GetUserDevices sends a usync query and gets AD JIDs back:

list, err := cli.usync(ctx, jidsToSync, "query", "message", []waBinary.Node{
  {Tag: "devices", Attrs: waBinary.Attrs{"version": "2"}},
})

then the send path encrypts the message separately for devices.

for _, jid := range allDevices {
  encrypted, err := cli.encryptMessageForDeviceAndWrapV3(ctx, payload, skdm, dsmForDevice, jid, bundles[jid], encAttrs)
  if err != nil {
    cli.Log.Warnf("Failed to encrypt %s for %s: %v", id, jid, err)
    continue
  }
  participantNodes = append(participantNodes, *encrypted)
}

that is the core of multi-device

you do not encrypt a message "to a user" you encrypt it to the user's devices. uf a session is missing, whatsmeow fetches prekeys, processes a bundle, creates a Signal session, and then encrypts.

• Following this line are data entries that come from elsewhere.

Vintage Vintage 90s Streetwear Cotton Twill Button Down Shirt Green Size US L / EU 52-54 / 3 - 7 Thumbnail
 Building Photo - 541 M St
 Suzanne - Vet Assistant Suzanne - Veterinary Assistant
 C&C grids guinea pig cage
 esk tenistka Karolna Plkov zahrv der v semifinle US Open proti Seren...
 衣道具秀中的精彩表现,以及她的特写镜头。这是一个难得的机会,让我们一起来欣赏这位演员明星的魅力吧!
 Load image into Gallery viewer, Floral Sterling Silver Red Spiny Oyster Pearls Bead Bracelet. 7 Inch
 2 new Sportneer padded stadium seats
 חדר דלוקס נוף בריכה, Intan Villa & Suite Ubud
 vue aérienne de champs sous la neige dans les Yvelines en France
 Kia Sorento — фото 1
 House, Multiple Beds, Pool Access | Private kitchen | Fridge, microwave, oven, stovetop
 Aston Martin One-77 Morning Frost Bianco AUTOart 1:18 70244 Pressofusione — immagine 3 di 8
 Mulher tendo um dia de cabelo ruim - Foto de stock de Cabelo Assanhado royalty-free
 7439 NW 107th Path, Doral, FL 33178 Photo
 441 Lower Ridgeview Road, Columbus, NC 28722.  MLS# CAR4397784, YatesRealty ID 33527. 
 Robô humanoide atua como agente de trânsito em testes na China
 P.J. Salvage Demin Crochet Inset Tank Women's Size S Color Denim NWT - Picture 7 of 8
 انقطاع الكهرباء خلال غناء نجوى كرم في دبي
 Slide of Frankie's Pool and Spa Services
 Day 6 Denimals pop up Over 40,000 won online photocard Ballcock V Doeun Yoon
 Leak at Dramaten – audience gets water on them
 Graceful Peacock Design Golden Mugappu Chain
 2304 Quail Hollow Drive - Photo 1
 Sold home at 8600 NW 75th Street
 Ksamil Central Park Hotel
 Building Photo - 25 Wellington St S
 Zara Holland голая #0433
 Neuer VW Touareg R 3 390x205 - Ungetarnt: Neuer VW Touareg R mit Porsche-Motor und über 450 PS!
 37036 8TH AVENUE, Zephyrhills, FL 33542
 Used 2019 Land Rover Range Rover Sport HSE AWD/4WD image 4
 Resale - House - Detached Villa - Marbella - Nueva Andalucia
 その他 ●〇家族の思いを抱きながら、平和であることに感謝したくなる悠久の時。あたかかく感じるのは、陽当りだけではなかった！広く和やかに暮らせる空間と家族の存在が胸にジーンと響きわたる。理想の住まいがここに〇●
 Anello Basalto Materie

the public call is simple:

cli.SendMessage(ctx, target, &waE2E.Message{
  Conversation: proto.String("hello"),
})

but behind it is device discovery, session lookup, prekey fallback, message transport protobufs, binary nodes, encrypted frames, server ack waiting, retry handling, and cache invalidation if the server says the participant hash was wrong.

the api is small because the protocol is not

receiving is the same story in reverse

incoming messages enter through handleEncryptedMessage

first whatsmeow parses the node into MessageInfo: chat, sender, participant, timestamp, push name, media type, bot metadata, LID/PN alternates.

then it decrypts based on the child node type

switch encType {
case "pkmsg", "msg":
  decrypted, ciphertextHash, err = cli.decryptDM(ctx, &child, senderEncryptionJID, encType == "pkmsg", info.Timestamp)
case "skmsg":
  decrypted, ciphertextHash, err = cli.decryptGroupMsg(ctx, &child, senderEncryptionJID, info.Chat, info.Timestamp)
}

pkmsg is a prekey message msg is a normal Signal message. skmsg is a sender-key group message

again, the tags reveal the architecture

DMs use per-device Signal sessions groups use sender keys failed decryptions can produce retry receipts some messages are buffered so the same ciphertext is not decrypted twice some unavailable messages can be requested again from the phone.

this is why real messaging clients feel simple but are hard to implement the happy path is tiny the edge paths are the product

what about calls?

at some point while reading this you might be thinking:

does whatsmeow support WhatsApp calls?

short answer: no.

whatsmeow has call event handling, and you can see call in the nodeHandlers map, but that does not mean it implements the whole VoIP stack

that made me curious enough to go look at how WhatsApp Web actually does callsd

i ended up reverse engineering a decent chunk of it, so far i can make and receive audio calls just fine from a web-style client not video yet, and not something i would call polished, but the core audio path works

that rabbit hole taught me a lot because calls are a very different beast from messages messages are stored, retried, synced, and decrypted later. calls are live you suddenly care about signaling, media negotiation, timing, streams, device state, and all the annoying real-time parts that normal message sending lets you ignore.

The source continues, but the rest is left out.